OSHA has decided to stick with its current system for ensuring the safety of electrical products in the workplace, turning down a bid from the European Union for the agency to adopt its system.

The announcement comes after an EU request that OSHA explore the possibility of adopting the Supplier's Declaration of Conformity ("SDoC"). Under SDoC, manufacturers declare that their products meet safety requirements before placing these products on the market, thus requiring EU governments to verify whether products are safety compliant after they already are on the market.

OSHA requires employers to use electrical devices tested and certified by independent testing companies recognized by the agency. These tests must be conducted before manufacturers or distributors place them on the market and employers use them in the workplace.

"OSHA's current system is a reliable and cost-effective approach to ensuring the safety of American workers," said Assistant Secretary of Labor for OSHA Dr. David Michaels. "A request for information did not reveal compelling evidence to abandon this system."

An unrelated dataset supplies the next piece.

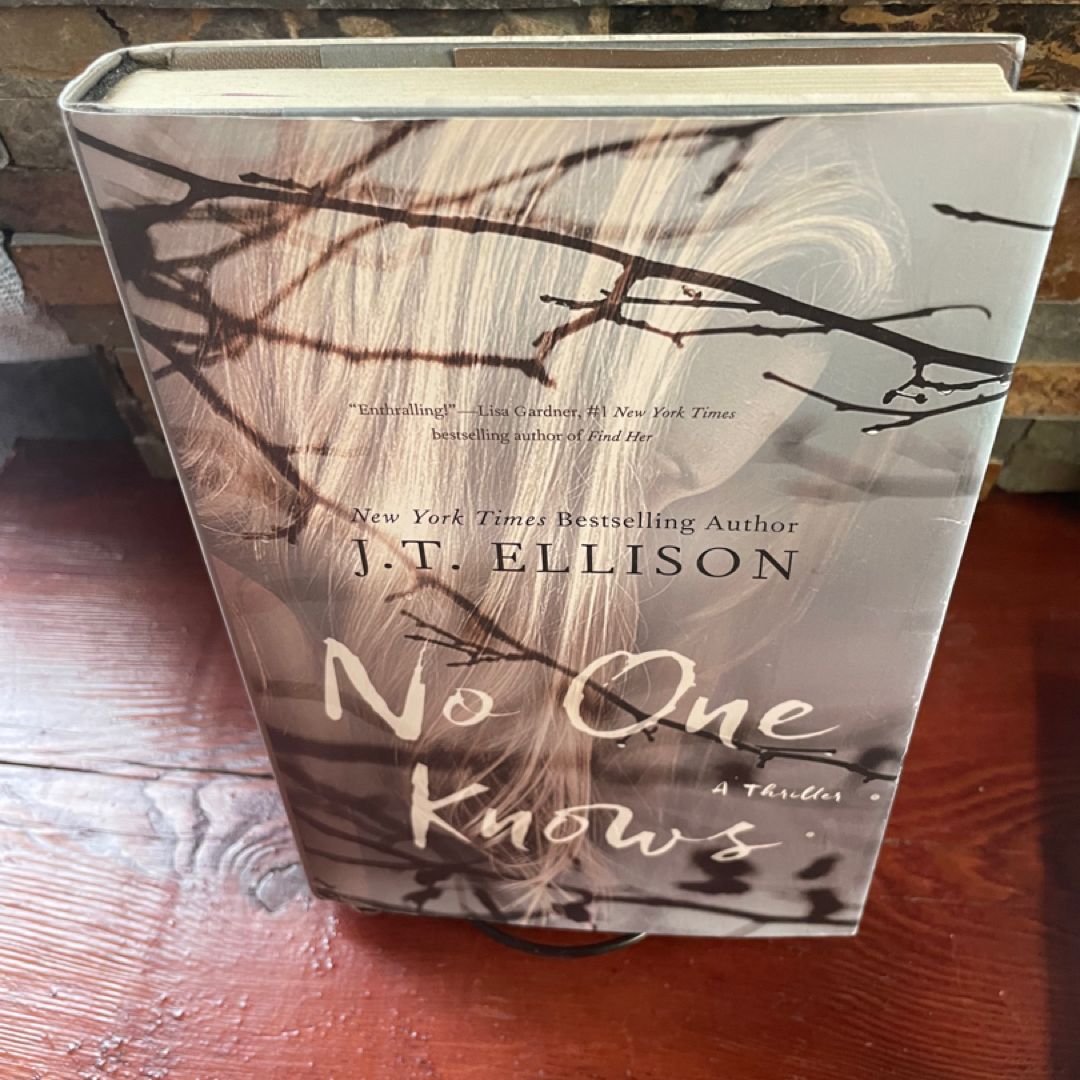 Sale image for b6470a08-6b33-4988-a4fe-c9927648cac8-rbLhYu6muWQNjfrzqvEVOHMSJV23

In 2008, in response to the EU's request for the U.S. to adopt an SDoC system, OSHA issued a request for information ("RFI"). It was the second RFI on this issue published by OSHA in the last five years. By statute, OSHA must demonstrate, based on substantial evidence, that its safety regulations and standards will provide or maintain a high degree of protection for U.S. workers. After reviewing comments submitted in response to the RFI, OSHA determined that the burden required for it to revise its standards was not met.

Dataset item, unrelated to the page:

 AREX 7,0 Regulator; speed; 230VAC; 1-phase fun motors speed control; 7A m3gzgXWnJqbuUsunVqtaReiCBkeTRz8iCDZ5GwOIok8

OSHA also is not convinced that the cost of administering such a system is compatible with its current budget. Based on limited information obtained from post-market surveillance costs of two EU countries, OSHA estimated that implementing an SDoC system throughout the U.S. would cost hundreds of millions of dollars. OSHA also currently lacks explicit legislative authority to implement the enforcement powers required for an effective SDoC system, including issuing product recalls and bans, assessing fines, and imposing criminal penalties.